La relazione, riflette ancora la costituzionalista, indica un metodo e un contenuto. Da questa prospettiva le relazioni possono davvero costituire il fulcro per lo sviluppo di una società sana. Abbiamo avuto al centro l’io, il soggetto, perché, dunque, non porre ora al centro la relazione (non si tratta di mettere in cantina l’io ma avere l’io in relazione). Il tema delle identità nei gruppi è stato al centro del dibattito giuridico ma nessuno ha studiato in termini giuridici le relazioni. Questo è curioso, ha osservato la Cartabia, se si pensa che esse costituiscono la matrice della nostra Costituzione, i cui primi quattro titoli sono: rapporti civili; rapporti etico-sociali; rapporti economici e i rapporti politici. Ed invero, a ben guardare, il paradigma della nostra Costituzione è relazionale!

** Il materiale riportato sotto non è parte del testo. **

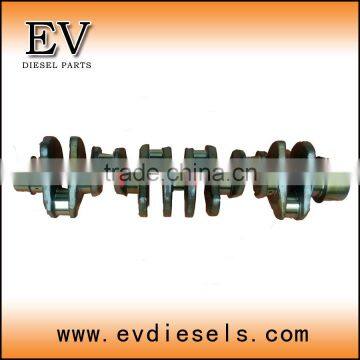 Engine repair 6D40 crankshaft suitable for Mitsubishi Crane Truck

La relazione è quindi un contenuto, apparentemente inafferrabile, cionondimeno i suoi effetti positivi o negativi si possono concretamente osservare. Le relazioni si ammalano: siamo in un’epoca di iper-conflittualità, che covava in una cultura che non ha saputo guardare e curare le relazioni.

Ma la relazione ha anche una seconda valenza, ha sottolineato Cartabia a partire dal testo di Donati: è un metodo. Questo è un aspetto prezioso. La cultura relazionale è simile ad una ricerca condivisa: permette di approcciare ai problemi a partire dai rapporti coinvolti, attraverso i quali è possibile condurre una ricerca delle cause delle ferite per tornare poi ad un equilibrio di sintesi. Citando una sua diretta esperienza come esponente della giustizia riparativa, Marta Cartabia ha ricordato Il libro dell’incontro (Il Saggiatore) che narra del confronto tra vittime e responsabili della lotta armata delle brigate rosse, dipanatosi in otto anni di incontri. L’aver stabilito questa relazione riparatoria, ha spiegato Cartabia, ha aperto un capitolo nuovo della giustizia penale, perché di fronte a certe ferite non basta neppure la sentenza più giusta.

La vita quotidiana, ha osservato in conclusione Donati, è stata svalutata da Aristotele in poi: il signore può permettersi di uscire dalla ordinarietà, che ha avuto un posto negativo in tutta la storia. Anche dal punto di vista interreligioso la fede è ciò che emerge dalla intersoggettività con Dio. È un mondo comune che collega pubblico e privato, perché la vita quotidiana è ciò che ci mette in relazione con tutto: con la casa, con il lavoro. È il mondo della intersoggettività, che la fenomenologia ha studiato a lungo, ma alla quale non ha riconosciuto una sostanza ontologica. La condotta di vita, secondo Max Weber, cambia il mondo: essa è ciò che caratterizza l’esistenza quotidiana. Non si deve dimenticare che quest’ultima per un cristiano è oggetto di santificazione. Non significa compiere gesti eclatanti: la santificazione è rendere giusto ogni atto della vita quotidiana. Normalmente la vita quotidiana è lì dove troviamo il collegamento con Dio nelle cose ordinarie, il collegamento con Dio dà ad ogni evento quotidiano il suo senso profondo. La cultura dominante ci conduce invece a pensare che quella quotidiana sia una vita di ripetitività e di noia. Insegnare anche alle nuove generazioni che la vita quotidiana è opportunità di gioia nelle piccole cose di ogni giorno: questo è profondamente cristiano.